When hunting the grey squirrel alone we would usually use the old smoothbore rifle with a light load of powder, shooting them through the head or "barking" them by hitting the limb next to their head and stunning them enough to bring them down so they could be picked up. In this way we would never hurt the meat and then you were considered in class A as a grey squirrel hunter.

Then along in November every morning we would hear the fox hounds singing over the hills. The "Getman boys are at it again," father would say and sure enough from then until Christmas, or until the snow was so deep the hounds couldn't run, they hunted the hill north of us and the "Carpenter boys"," the brush lots to the south of us, around "Wagner's Hollow," and they sure did get that sport down to such a science that Old John Carpenter could tell when his dogs started a fox in the morning what fence-bars old reynard would come through at night.
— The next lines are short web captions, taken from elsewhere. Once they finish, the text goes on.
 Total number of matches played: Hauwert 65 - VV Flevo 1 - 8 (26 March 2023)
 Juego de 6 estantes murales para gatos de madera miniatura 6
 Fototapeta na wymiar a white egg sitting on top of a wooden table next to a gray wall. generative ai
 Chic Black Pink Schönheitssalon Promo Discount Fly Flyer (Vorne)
One of the fox-hunting Getman boys lived to be over 70 years of age and moved later in life to Dutchtown west of Fort Plain, and continued fox hunting until they found him one night when he didn't come home, slumped over on a log, dead, with his faithful hound lying beside him and his old shotgun across his lap. Never again would that dim old eye glance along the sights for the shot he knew so well how to make.

Then along in the turn of the century the breech loading shot gun and rifle began to make its appearance. What a change in everything this did make. Goodbye to the old powder horn, shot bag and cap box. With our new breech loader, and hunting coat with game pockets we passed up the rabbit, grey squirrel and other small game, only taking an occasional shot at them and began to hunt woodcock and partridges. The woodcock hunting was of course, confined to the early part of the season, it being a migratory bird, but the old ruffled grouse stayed right on with us and we would bang away at them until the weather became so cold we could start trapping.
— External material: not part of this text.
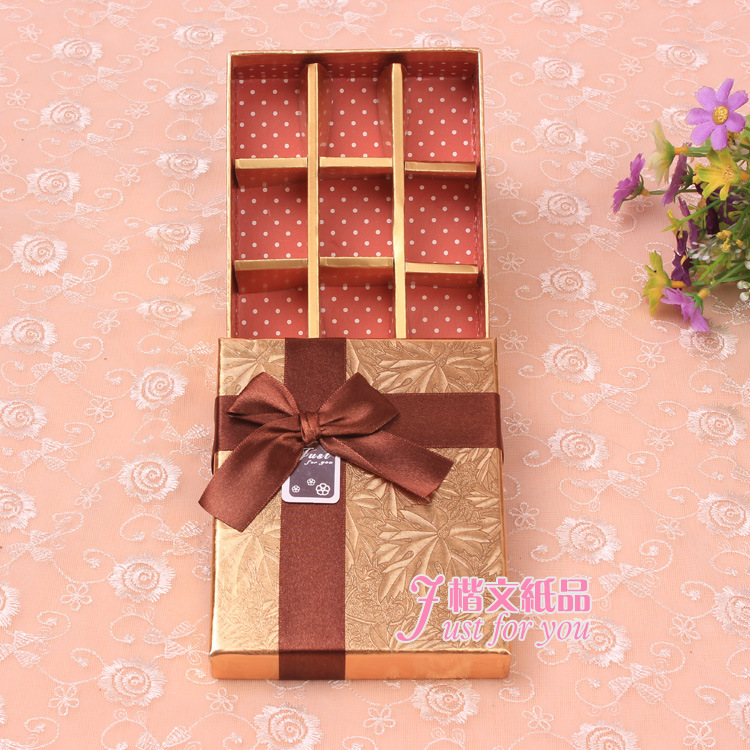 9格巧克力盒缎带蝴蝶结包装盒 高档情人节礼品盒产品图
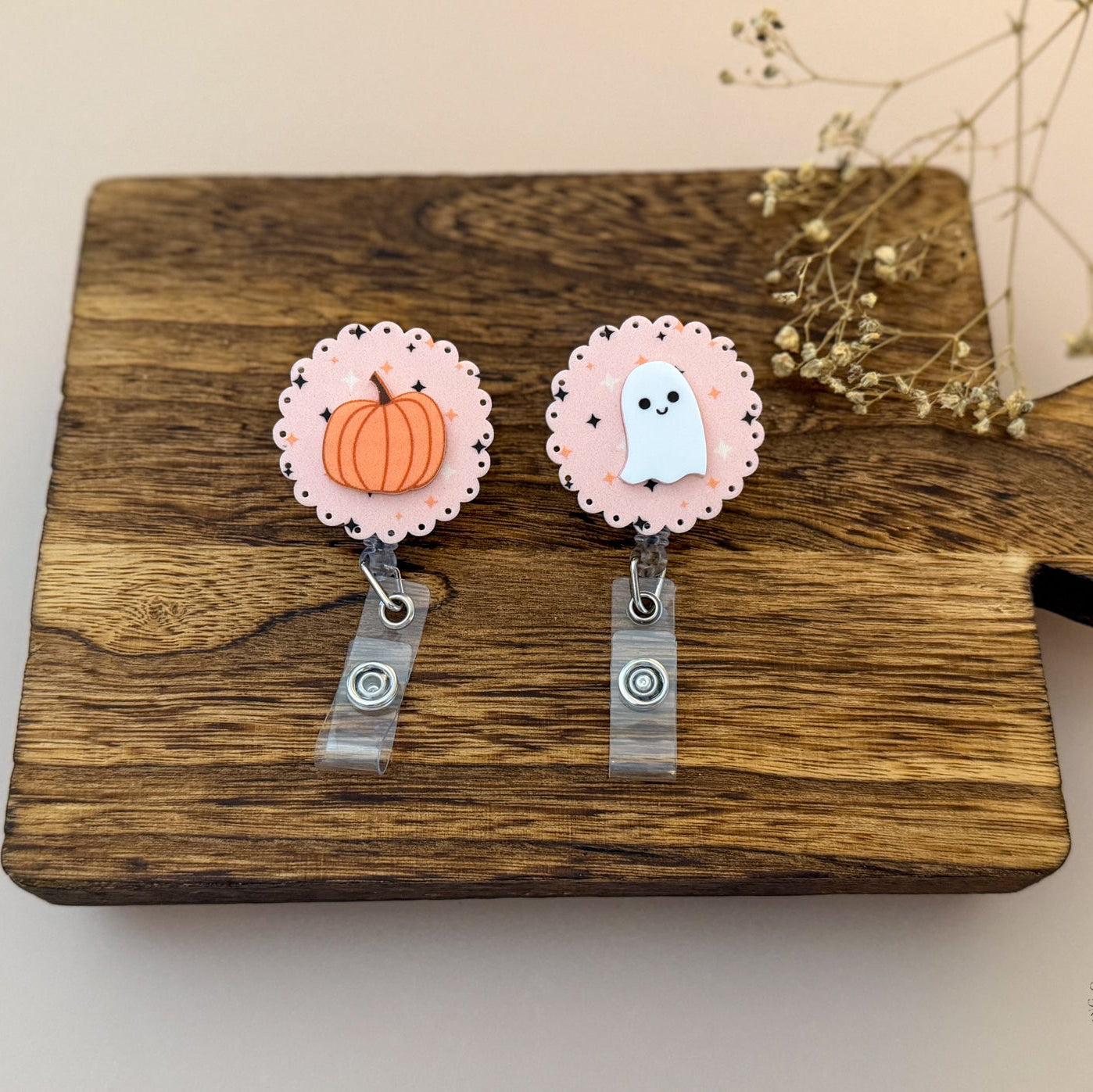 Happy Ghost or Pumpkin Halloween Badge Reel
At first we wasted plenty of ammunition but after awhile we would hit one once in awhile and after we got the hang of it would come in nights with 10 or 12 birds. There seems to be something about partridge shooting that gets in the blood for the ringneck pheasant has never been able to take its place, to for me anyway. While it's sport in a way to have the dogs run around in the grass and put the pheasants out, if the dogs work close to you the bird goes up the lumber wagon so fat he can hardly get off the ground and it doesn't require much skill to knock him down. But far be it so with Mr. Grouse. There is the king of game birds. He can leave the ground at a speed nearly the same as when he is in full flight, and in all my experience hunting this great bird I have never known him to make a mistake or do the same thing twice alike.

There are only a few partridge hunters left around here now but I usually get one or two of my old gang together every fall and we go through all the motions and get quite a kick out of it at that. We had been out in the woods anyway and had the old gun in our hands and talked over old times and that was something.
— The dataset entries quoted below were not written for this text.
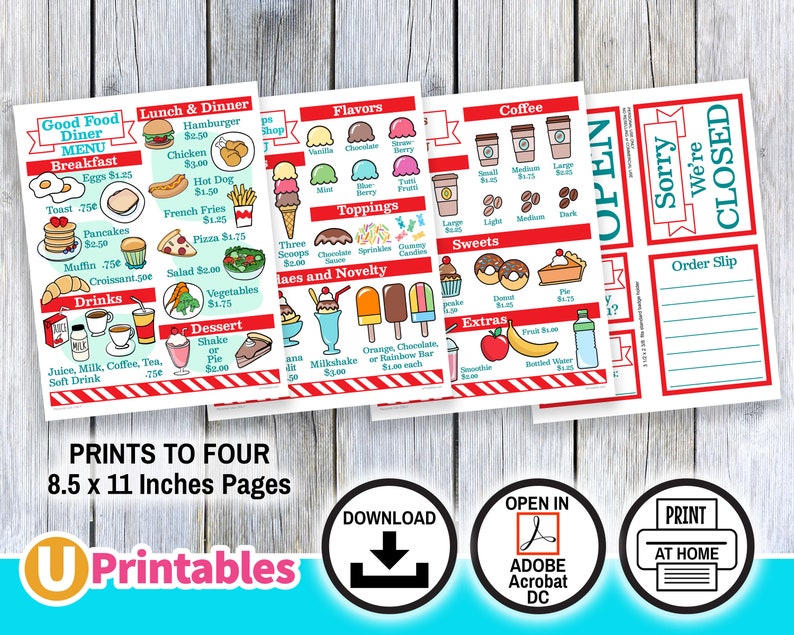 Pretend Play Printable Restaurant Set Instant Download | Etsy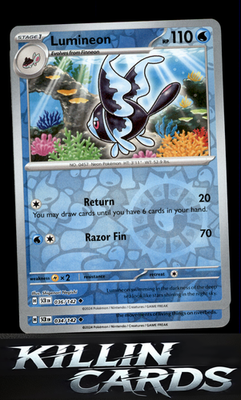 Reverse Holofoil Lumineon 036/142 Pokemon Uncommon SV07: Stellar Crown Card NM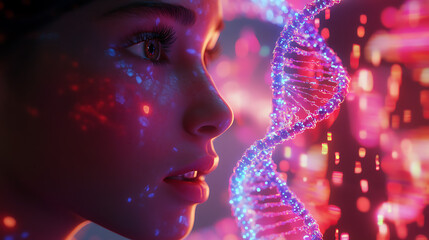 Meta creator interacting with holographic DNA strands, soft fill light highlighting facial features 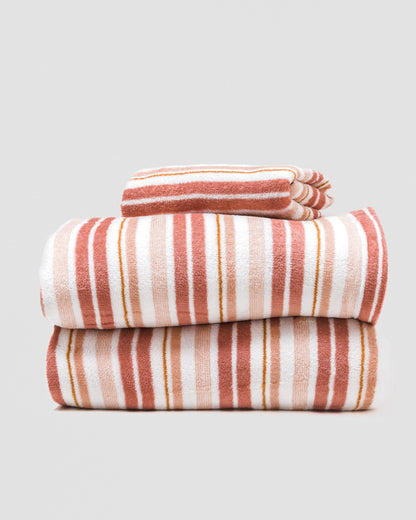 Juego de sábanas coralina Raya Calendula malva rosa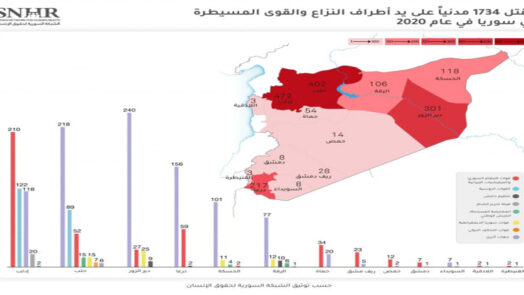 الشبكة السورية قتل 1734 مدنياً في سوريا خلال عام 2020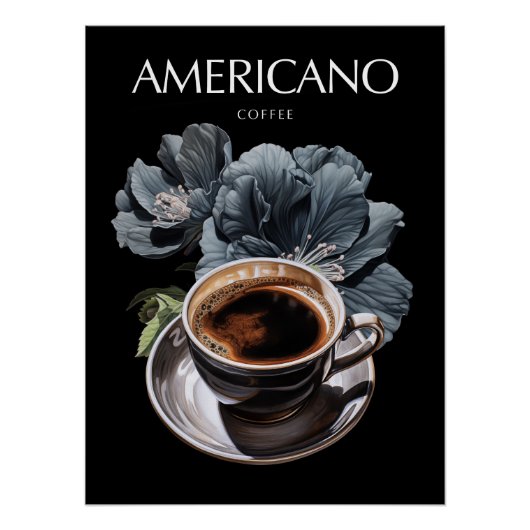 Americano Kaffee Kunst Poster (Vorderseite)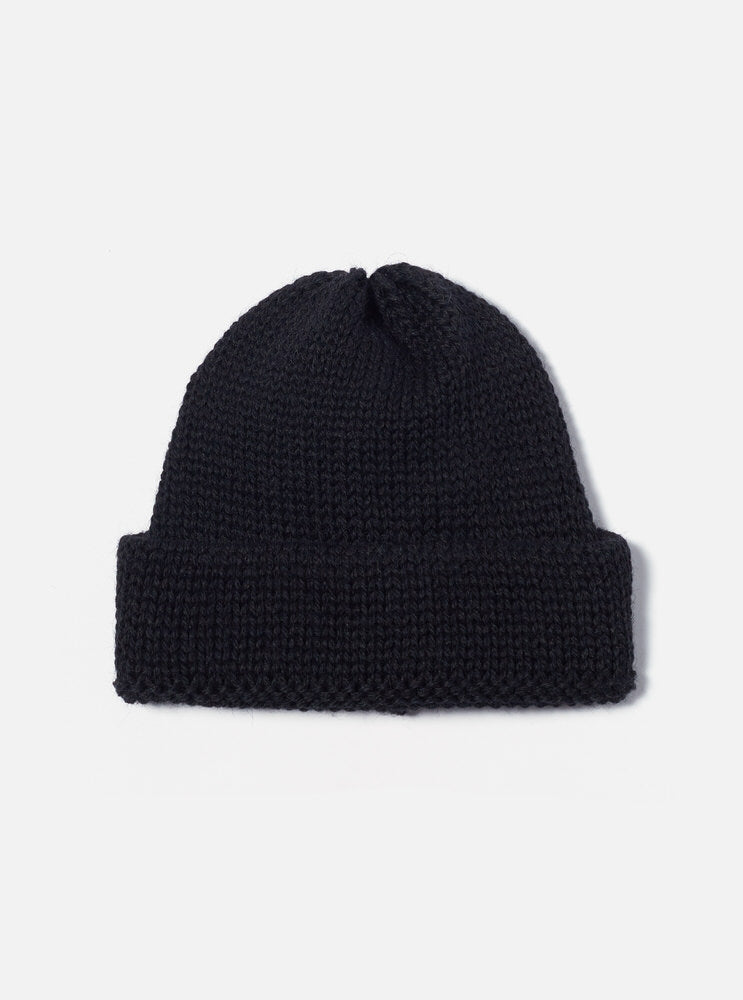 Universal Works Short Watch Cap in Black British Wool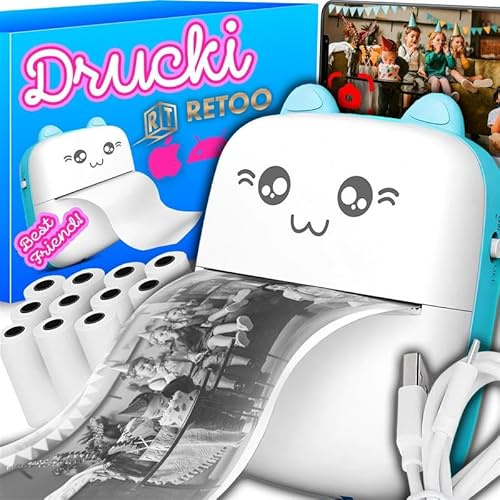 Retoo Mini Drucker mit 11 Rollen Druckerpapier, tragbarer Fotodrucker, tragbarer Fotodrucker, kabelloser Thermodrucker, Thermodrucker für Smartphone, Drucker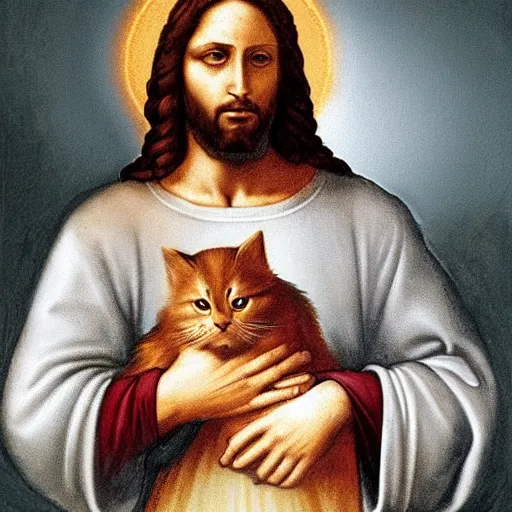 Image similar to portrait of jesus holding a cute cat, digital art, by leonardo da vinci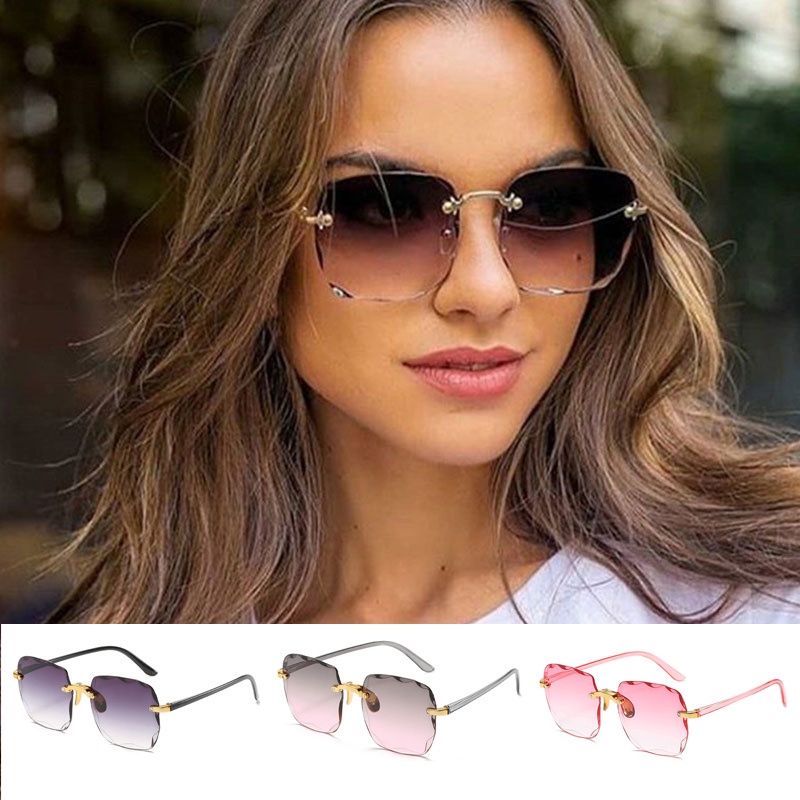 New Sunglasses For Women Fashion Rimless Beach Gradient Sunglass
There is just one more thing I want to impress upon the minds of the younger generation, especially the Boy Scouts, and that is always remember that the game in this country was here first and never for one minute forget that game has every bit as much right to live as you and I. Have you ever stopped to think what a dreary world this would be without the birds and animals who, if they could, would be the best friends you ever had if you would give them any kind of a break. Never shoot at any thing unless you really want it for the table and never shoot unless you feel you have a good chance to kill, for a wounded bird or animal rarely lives. They crawl away and suffer for weeks through the carelessness of the unthinking hunter.

Let's start now and see what we can do to help put back the fast diminishing game and every time you bring the gun to your shoulder always think first "Do I or don't I want to kill that little friend of mine."